“LEONORA ADDIO” DI PAOLO TAVIANI

1946. All’indomani della Liberazione dell’Italia dal nazi-fascismo, una nicchia del cimitero del Verano a Roma viene aperta per estrarvi un’urna funeraria. Le ceneri in essa contenute sono del drammaturgo e romanziere Luigi Pirandello, che da dieci anni attendono di essere spostate nell’agrigentino, luogo di nascita dello scrittore. A un modesto impiegato comunale (Fabrizio Ferracane) viene affidato l’ingrato compito di affrontare il viaggio da Roma alla Sicilia per dar loro finalmente degna sepoltura.

E’ questa la premessa da cui parte Leonora addio, primo film realizzato da Paolo Taviani senza la collaborazione del fratello Vittorio (scomparso nel 2018 e a cui il film è dedicato); ma, a dispetto di essa, si trova poco o niente del dramma storico/agiografico nell’unica pellicola italiana entrata in Concorso all’ultima edizione del Festival di Berlino. Il focus del regista pisano pare essere in primo luogo l’immagine: ed è proprio sulle immagini di un cinegiornale dell’Istituto LUCE si apre il film, precisamente risalenti al momento della consegna del premio Nobel per la letteratura a Pirandello nel 1934. Estratti in bianco e nero a cui si succedono altre immagini in bianco e nero, questa volta realizzate prima manu da Taviani: le immagini di una finzione filmica avviluppata in quelle dei cinegiornali e dei film neorealisti utilizzate dal regista per raccontare, in un’unica volata, quella che è stata l’Italia dal 1936 al 1946, e che anche dopo continua a essere (e a esistere) solo in bianco e nero.

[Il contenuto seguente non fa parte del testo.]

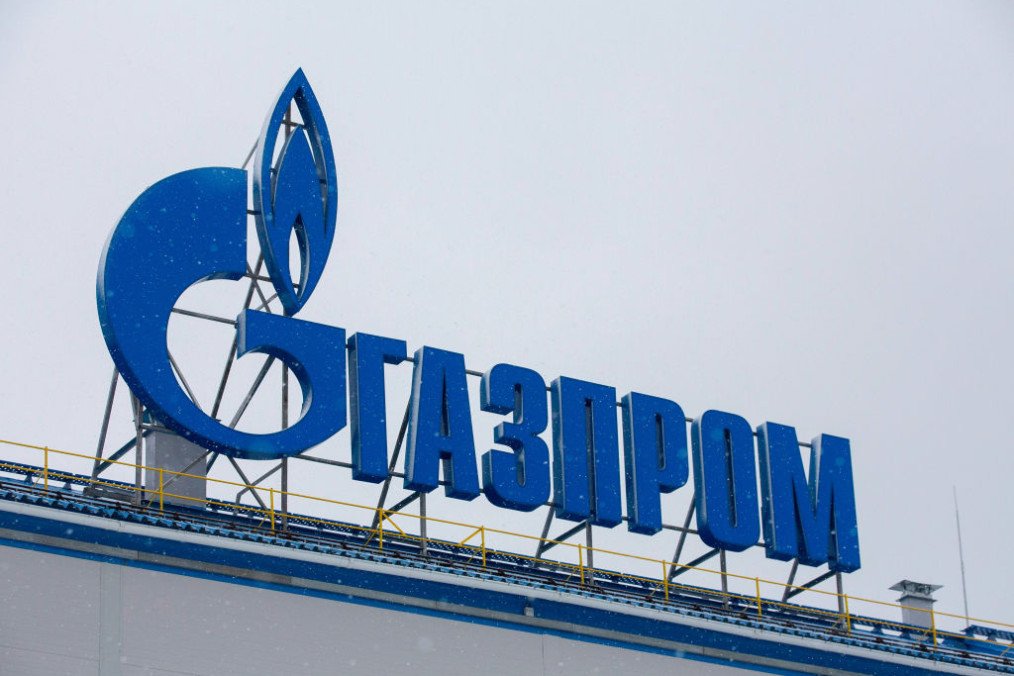 A Gazprom logo above the Gazprom PJSC Slavyanskaya compressor station, the starting point of the Nord Stream 2 gas pipeline, in Ust-Luga, Russia. (Source: Getty Images)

Un’Italia post-bellica che pare muoversi al ritmo di una novella dell’autore siciliano: la partenza dell’aereo su cui l’impiegato con le ceneri dovrebbe partire per raggiungere la Sicilia viene cancellata perché gli altri passeggeri non se la sentono di “fare il viaggio col morto”; la cassa in cui è inserita l’urna per il viaggio in treno viene usata come supporto per giocare a “tre sette col morto”; il tanto atteso funerale del Maestro viene scambiato dal popolino per il funerale di un nano, tanto è piccola la bara che contiene l’urna. Un’Italia che è Sicilia e una Sicilia che si fa specchio dell’Italia: un viaggio surreale che si propone anche di continuare l’operazione di adattamento cinematografico della poetica pirandelliana iniziata dai due fratelli con Kaos.

E proprio sull’adattamento dell’ultima novella scritta da Pirandello prima di morire, Il chiodo, si chiude il film: un racconto che parla della morte come un qualcosa di inevitabile, a cui anche la più piccola cosa concorre. Proprio in questo epilogo si legge la compiuta separazione e accettazione di Taviani del proprio lutto personale: un epilogo in cui, a dispetto del tema, finalmente esplodono i colori assenti dal grigio e “surreale reale” fino a poco prima mostrato.

Un cortocircuito di immagini e di punti di vista, di vita e di morte; un film d’altri tempi, di un’autorialità antica che ancora tanto ha da insegnare al presente; solo in questo modo si potrebbe definire Leonora addio, un cinema a cui ogni appassionato dovrebbe augurarsi di poter guardare solo come un “arrivederci”.